[[ Dataset content, beginning ]]

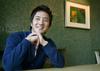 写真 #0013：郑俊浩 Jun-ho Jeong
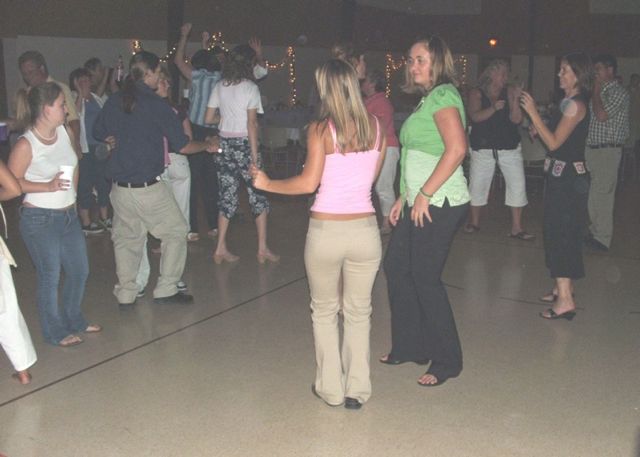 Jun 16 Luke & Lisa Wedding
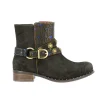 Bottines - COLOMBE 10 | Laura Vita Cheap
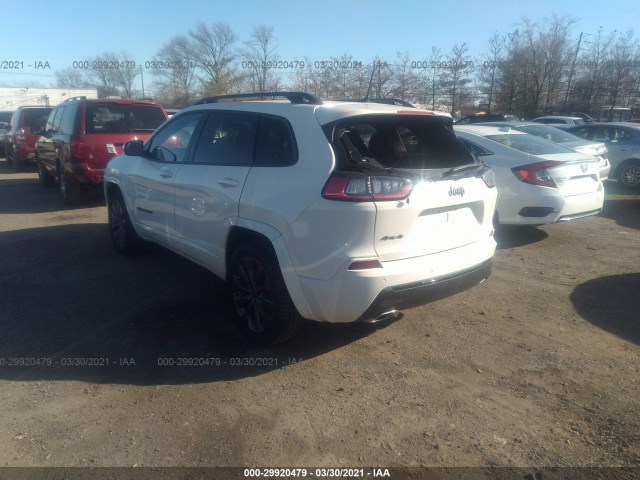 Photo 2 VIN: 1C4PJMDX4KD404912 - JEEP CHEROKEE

[[ Dataset content, end ]]
[[ Dataset content, beginning ]]

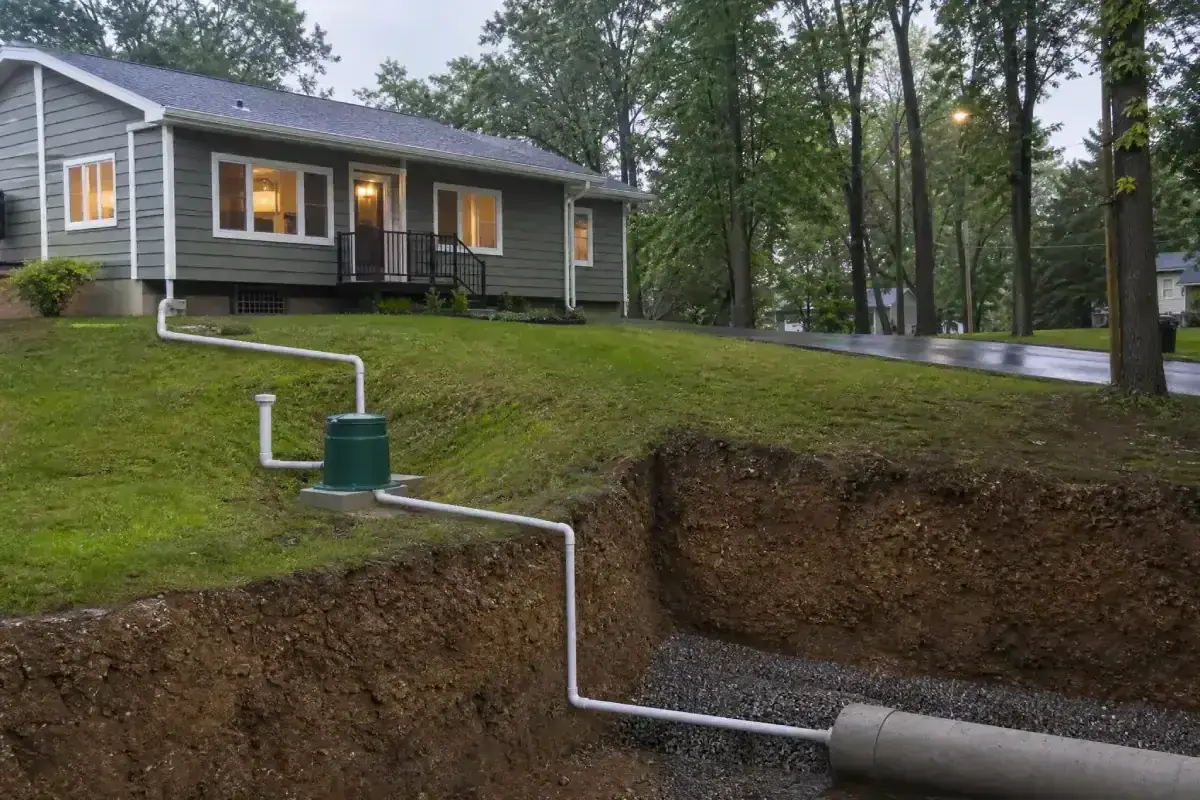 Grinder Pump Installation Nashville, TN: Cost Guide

[[ Dataset content, end ]]
[[ Dataset content, beginning ]]

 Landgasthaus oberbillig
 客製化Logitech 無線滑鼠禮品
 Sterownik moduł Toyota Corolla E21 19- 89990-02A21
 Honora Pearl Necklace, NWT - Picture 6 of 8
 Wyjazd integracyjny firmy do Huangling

[[ Dataset content, end ]]

[Problem details]
Return the material from the line containing "Bottines - COLOMBE 10 | Laura Vita Cheap" through the line containing "Photo 2 VIN: 1C4PJMDX4KD404912", exactly and in full, but without its pictures.

[Result of this exercise]
 Bottines - COLOMBE 10 | Laura Vita Cheap
 Photo 2 VIN: 1C4PJMDX4KD404912 - JEEP CHEROKEE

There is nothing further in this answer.